Looking at it through the lens of overall property sale value, you can think of preventative maintenance this way: pay a little to prevent now or a lot to repair later. Your apartment building’s resale value suffers in the long term without licensed and insured professionals administering all the necessary preventative maintenance measures.
This brings me to the second way a professional property management company can boost the value of a property when it’s time to sell: through detailed and organized financial recordkeeping. A savvy real estate buyer will know to hire inspectors who look into the building’s history of maintenance and find any termite damage, dry rot or roof leaks. If you put the right professional property management company on the job, they’ll have accurate, up-to-date documentation of all the maintenance they’ve undertaken on the building over the years. This allows you to justify a higher asking price than if the property hasn’t had such work done, or if there aren’t proper records on file to verify it.
Strong management also includes making sure all units in all buildings bring in the highest possible market rents as soon as those rents are obtainable. Multifamily properties are sold primarily based on cash flow, and if your property management company isn’t working on this on your behalf, you’re likely not fetching the rents your property is capable of earning. Settling for unnecessarily low rents doesn’t just hurt your profit margin in the present; it hurts your building’s sale value in the future.

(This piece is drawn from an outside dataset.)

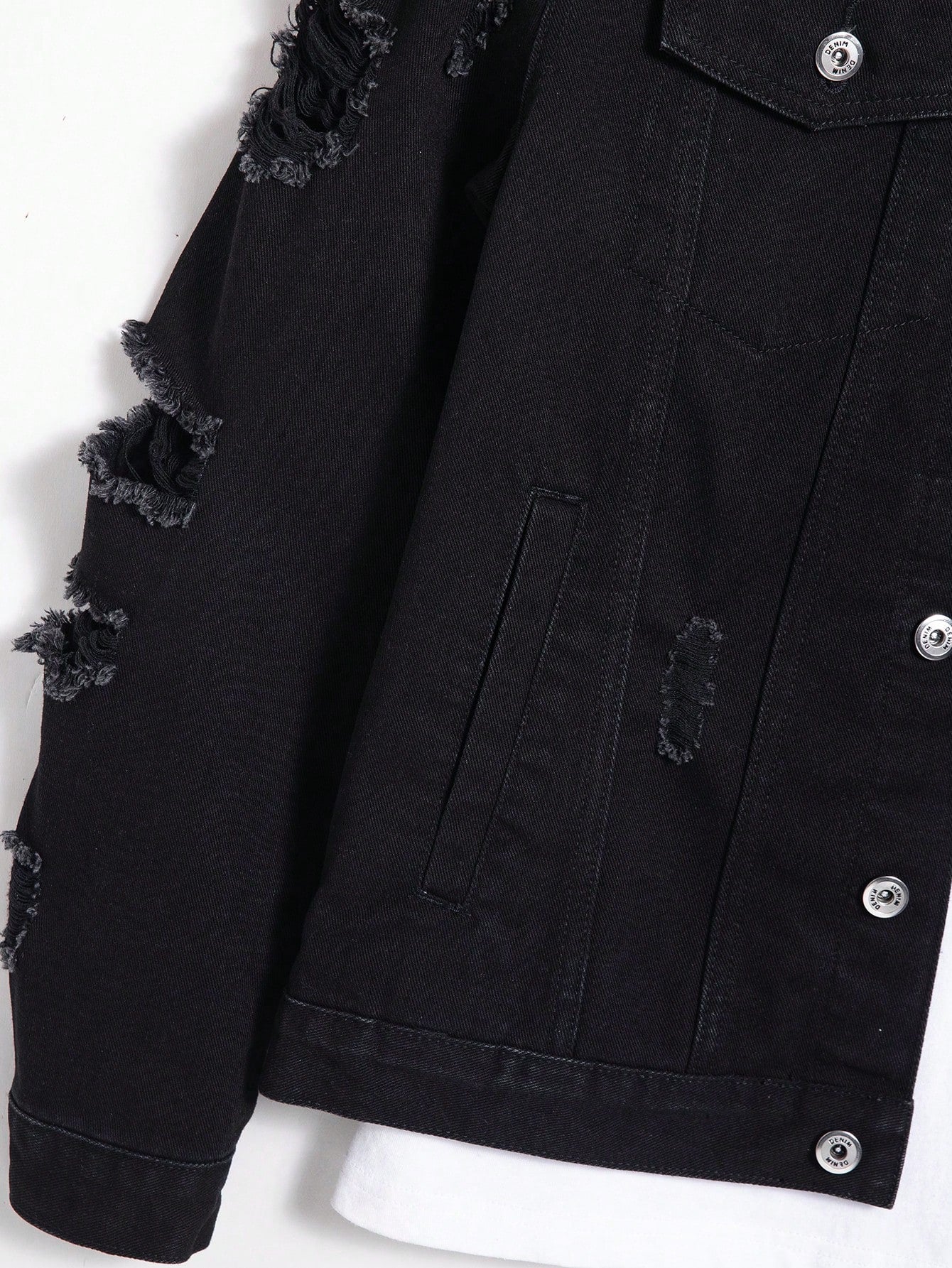 Korean Version Of Loose-fitting Denim Jacket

We all know that the decisions we make on any given day have the potential to impact the rest of our lives. So if we apply that idea to the ownership of rental property, we know that the care and service your property receives on a daily basis — the maintenance it undergoes, the records kept on it, the rents it brings in — can have an enduring effect on its overall sale value. Choosing wisely who you allow to maintain your property will add significantly to your long-term return and improve your experience as an owner.